Link Between Emotional Stress And Diabetes Discovered

There is a connection amongst anxiety control, inflammation and type 2 diabetes, according to a new study conducted by Rice University researchers.

A positive link has been drawn between emotional stress and diabetes, and researchers believe this connection establishes itself in the brain’s capacity to deal with anxiety.

Dealing with anxiety takes place in the brain’s executive functions, which entails inhibition, attention, working memory and cognitive reasoning. The brain’s executive functions also help to handle planning, problem-solving and reasoning.

Researchers now believe a metabolic chain reaction begins when a person has poor control over attention, which leaves the individual vulnerable to distracting information, thoughts and activities. This vulnerability leads to more anxiety, which then promotes inflammation and thereby increases the chances of type 2 diabetes.

Link between anxiety and poor health

Researchers have long believed that a link between anxiety and poor health existed, but up until now they had been unable to discover the biological pathways that eventually lead to type 2 diabetes.
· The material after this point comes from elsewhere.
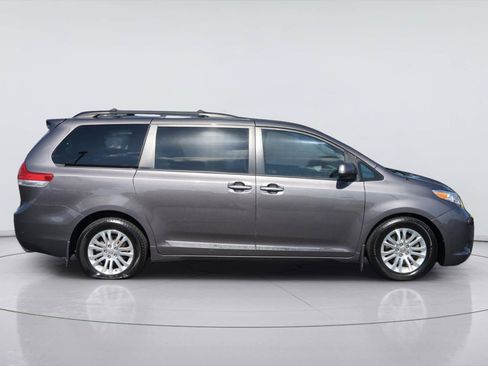 Used 2013 Toyota Sienna XLE FWD image 5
"The literature shows individuals with poor [attention control] are more likely to experience stressful thoughts and have a harder time breaking their attention away from them," said Kyle Murdock, lead author of the study. “Plenty of research shows that when individuals are stressed or anxious or depressed, inflammation goes up. The novel part of our study was establishing the pathway from inhibition to anxiety to inflammation to diabetes."

The study concluded by suggesting a combination of mindfulness-based approaches and traditional medicine to help individuals cope with attention control issues.